If this was done, wouldn't that mean that application developers would have to target the code for it and that the OpenGL apps not work with such drivers? Also, apps that use such graphics wouldn't work with OpenGL drivers, right?
Originally Posted by allquixotic
When you allow people to download it, from countries where the patent is valid, on a non 'try it out to see if it works'-way.
Originally Posted by Yfrwlf
They can still sue you!
From what I hear, the better handling of OGL ES is also due in part to the lack of stodgy legacy vendors that seem to have a lot of influence on the normal OpenGL process.

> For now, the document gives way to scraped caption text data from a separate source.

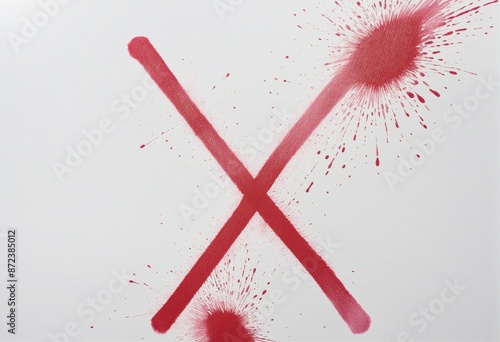 Abstract red spray painted symbol isolated on white background with clipping path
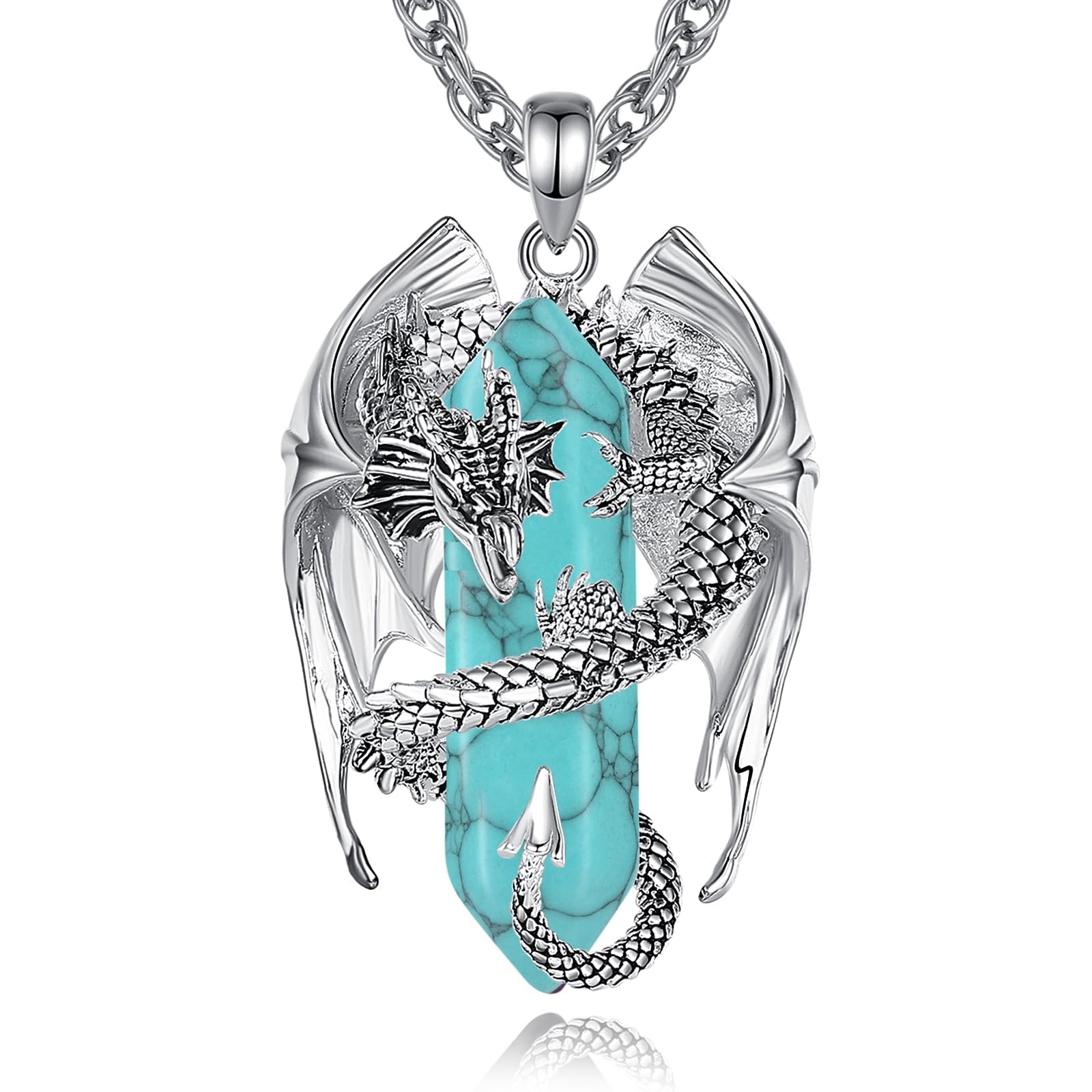 INFUSEU Kristall Drachen Kette, Nordischer Drache Gewickelter Zylinder Edelstein Kristall Anhänger Sechseckiger Heilkristall Anhänger Gothic Naturkristall-Schmuck Geschenk für Männer Frauen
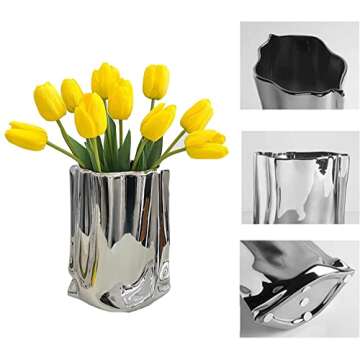 Rustic Ceramic Flower Vase, Large Vintage Blue Vase, Handmade Distressed Farmhouse Vase, Unique Pottery Clay Vase for Living Room Floor, Bedroom, Bookshelf, Dining Room, Home Decor (Silver)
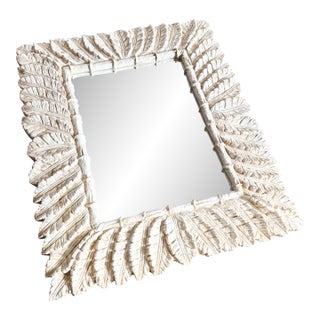 Vintage Boho Chic Faux Bamboo and Banana Leaf Wall Mirror For Sale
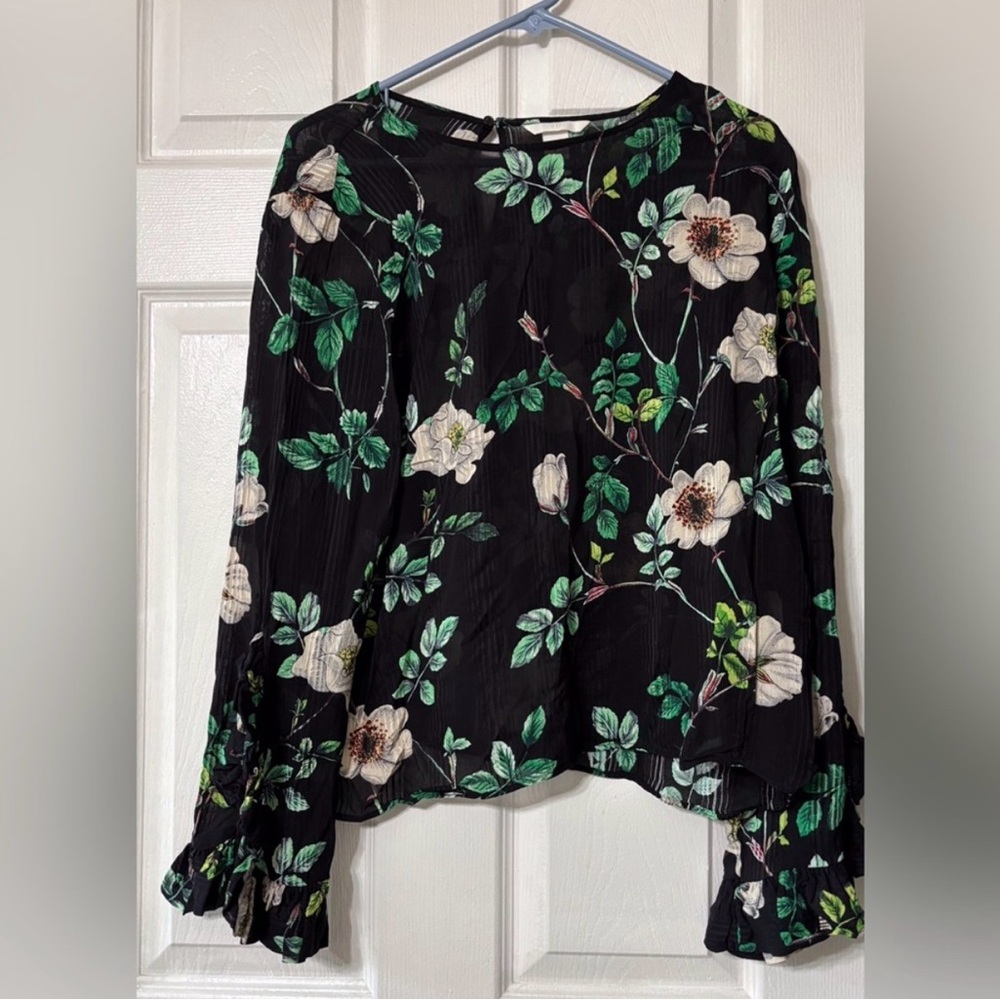 H&M Women’s Size 14 Black and Green Floral Long Sleeve Blouse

Originally Posted by elanthis
Weren't many of the ideas in OGL ES originally slated (in some form) for OpenGL 3.0, but then that plan shot down by vendor complaints (thus the semi-scandal when OGL 3.0 was released)?
The country they were in would have to be the one to carry out the suing, so the goal is to live in (or at least host information in) countries which don't allow, at the very least, stupid math/art/programming patents.
Originally Posted by plonoma
There was one vendor in particular that shot about everything down.
Originally Posted by snogglethorpe
That vendor has left Khronos and it's name is Microsoft (no kidding !!!).
This is why Khronos had such a crappy history.
And after the release of OpenGL 3.0 Microsoft left the group.
An from then khronos could release some decent versions.
But they should really find a system where they can drop old stuff.
e.g. using context creation calls with major version number in so you can change stuff without breaking old stuff and the drivers can support both.